While emulsion-based methods exist for synthesizing Janus particle swimmers in large quantities,⁷ these types of swimmers fall short in their biocompatibility or ease of operation. Chemically-powered Janus swimmers typically require the use of cytotoxic fuels and weakly ionic environments.⁴ While swimmers propelled by magnetic and electric fields have shown promise in biological environments and provide evidence of complex behavior,^8,9 these swimmers are not autonomous and must be externally controlled at all times.

Microstructures powered by an external acoustic source have variety of ways in which they can convert acoustic excitation into movement. The modes of particle manipulation that can be achieved in acoustofluidic systems is both complex and precise.^10,11 Previous examples of swimmers that use acoustic power include helical microrobots inspired by Spirochete bacteria,¹² artificial ciliary bands inspired by starfish,¹³ controllable and self-assembling lipid-microbubbles that navigate brain vasculature¹⁴ and bullet-shaped surface-lipping swimmers that can be steered by an external magnetic field.¹⁵ Microswimmers propelled by an acoustically-actuated bubble improve upon the issues that limit chemically powered swimmers and allow one to more easily study swimming and collective effects at the micron length scale.¹⁶ They are fast, efficient, and can work in combination with chemical, flow, and magnetic fields for steering.

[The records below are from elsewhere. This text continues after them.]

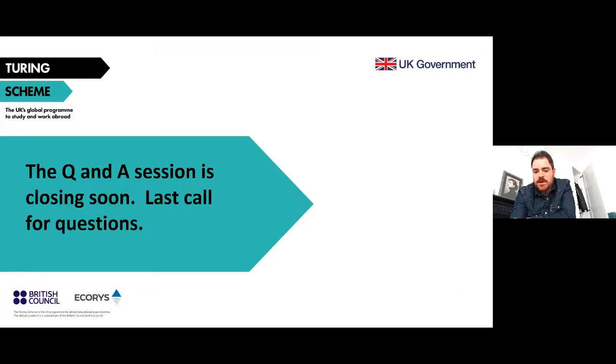A question from Amy: what's the age limit — would postgraduate students be able to take part? There is no age limit. However, postgraduate students who have graduated from university would not be eligible unless they are enrolled onto a VET or FE course. There is plenty of age range within the FE and VET sectors, so there are no age limits on participants.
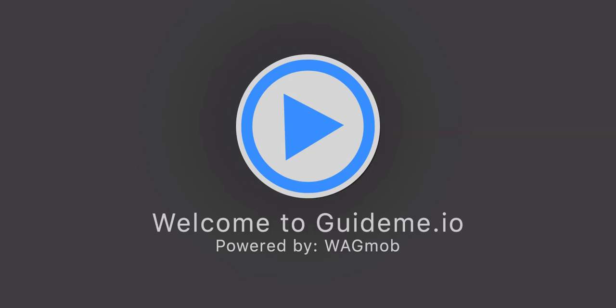Welcome to GuideMe.io. Let's learn how to write code in Swift to do a simple multiplication in iPhone using Swift at Apple iPhone.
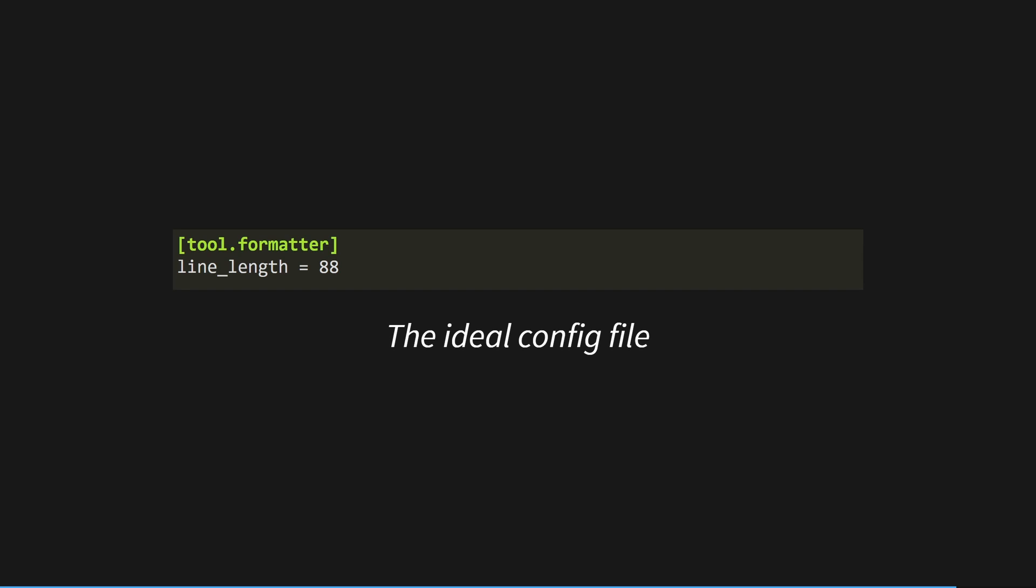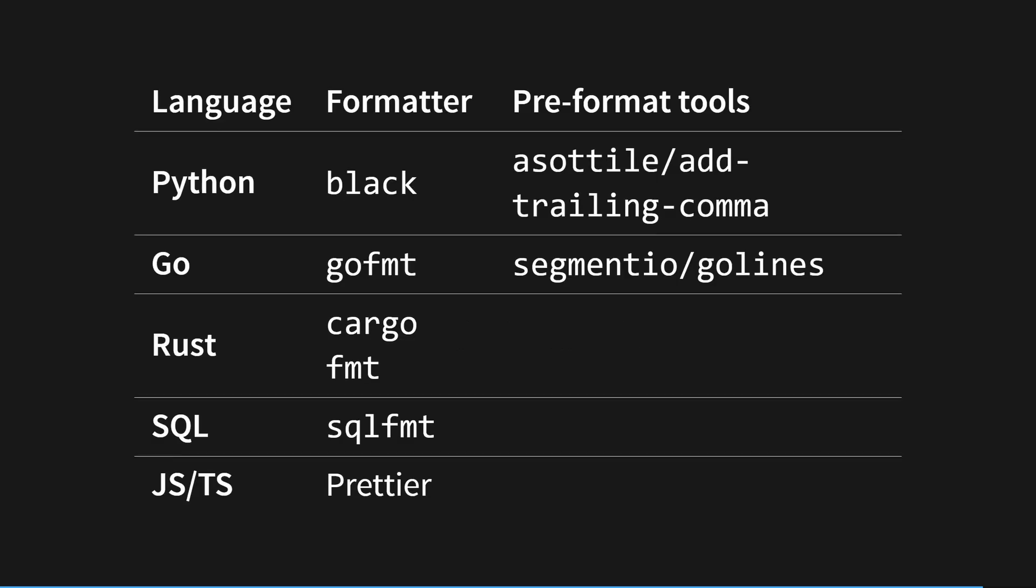My favorites tend to be the ones that allow you to change the line length and nothing else. Trust me, even if you don't like the code style, you'll get used to it very quickly and you'll learn to love the tool. On screen is a list of my recommended auto-formatters for different languages. I like to use a line length of 88, but agree on something in your team and let the tool take care of the rest.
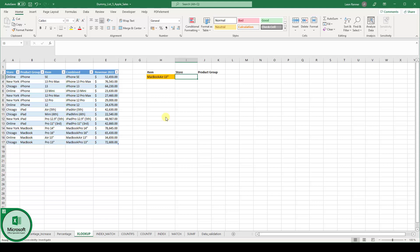The XLOOKUP function in Excel is a formula with which you can look up values across a table. In this example we are selling Apple products and based on the kind of item we want to get to know in which store we are selling it and in which product group it belongs to.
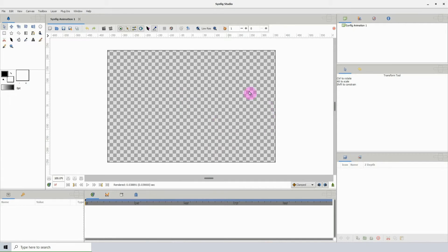You can actually preset the width and the height of the canvas area so that whenever you open up Synfig, it will default to whatever you set.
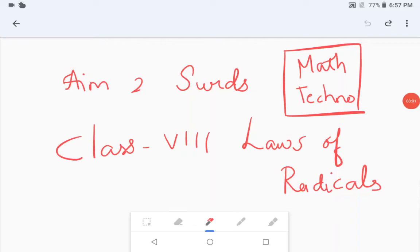Hello everyone, welcome to Vishwa Blooms. In this video we will be looking at Maths Techno Class 8, the second name of surds, that is laws of radicals. So let's begin with the introduction part.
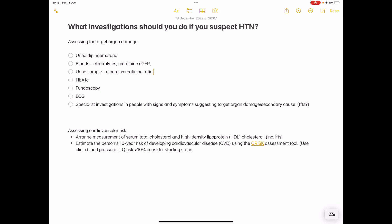So you're looking at the kidneys — you want to do a urine dip, check for hematuria, check the urine sample for raised albumin, check your serum electrolytes, creatinine, eGFR. All these parameters would give you an idea of any kidney damage.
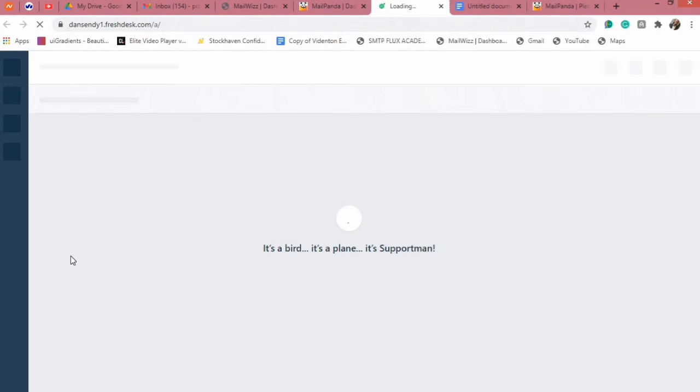I'm going to click on the Support Desk option right now. It opens up on a new tab and shows you a platform — it's a FreshDesk website. Our support for Mail Panda works with this particular platform. All you need to do is create a ticket and support will reply to your ticket as soon as possible.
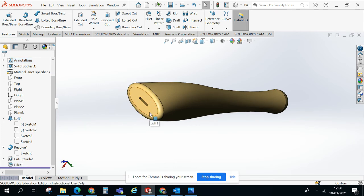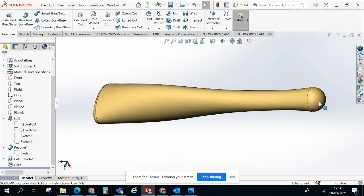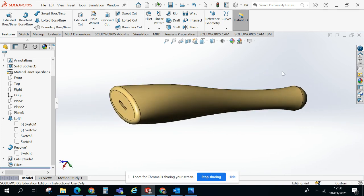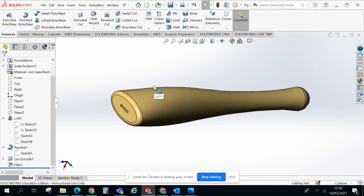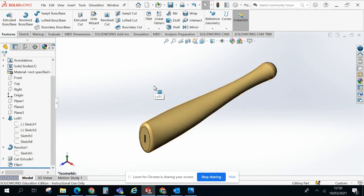So in some ways fairly simple. It's just the steps to go through of creating each of the profiles for the loft using an offset work plane. A little bit of a task there using the revolve tool, but you should be fairly confident with that. And obviously using fillet and extrude subtract is something you should be fairly confident with as well.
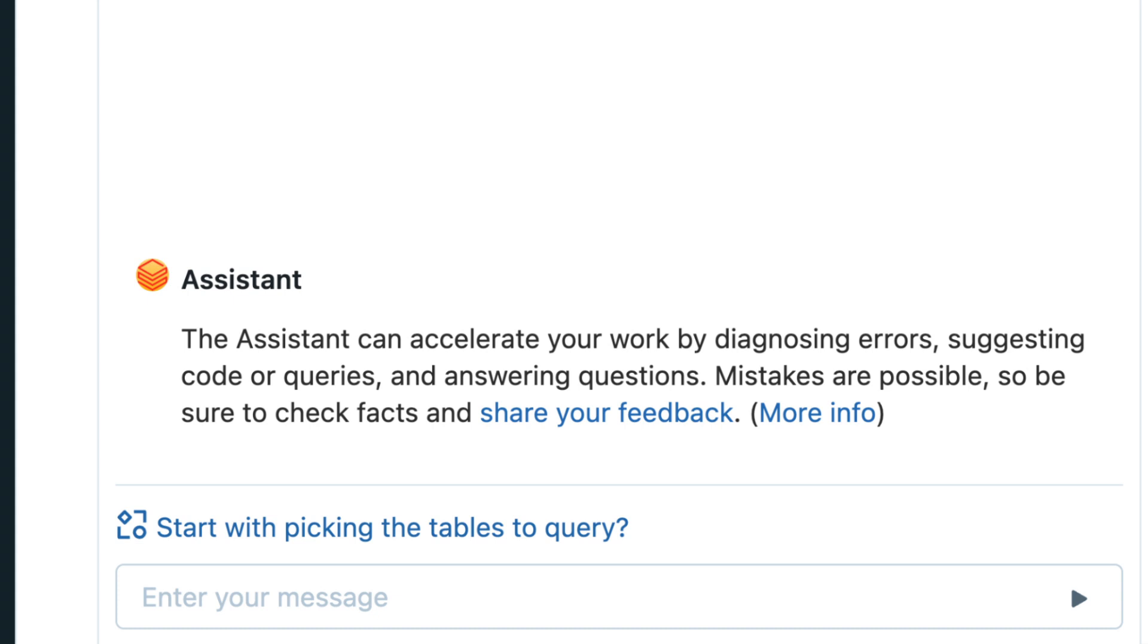The Assistant leverages Unity Catalog metadata to understand tables, columns, and descriptions to provide responses that are relevant to you. Let's see it in action!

They are propelled by an intrinsic directional autonomous propulsion source (the bubble), coupled to the external acoustic field only through resonance with an ultrasound transducer. The propulsion force arises from acoustic streaming, as analyzed in detail in previous papers on bubble based microswimmers.^1,17 Hence, the only requirement to construct a bubble-based acoustically powered microswimmer is a structure that can maintain a gas micro-bubble when immersed in water. As a result, the swimmer can theoretically be very simple in geometry. A simple, scalable swimmer design is needed to study these interactions at higher number densities in a variety of environments. This could potentially expand the implementation of acoustofluidics in biomedical applications^11,18,19 and beyond.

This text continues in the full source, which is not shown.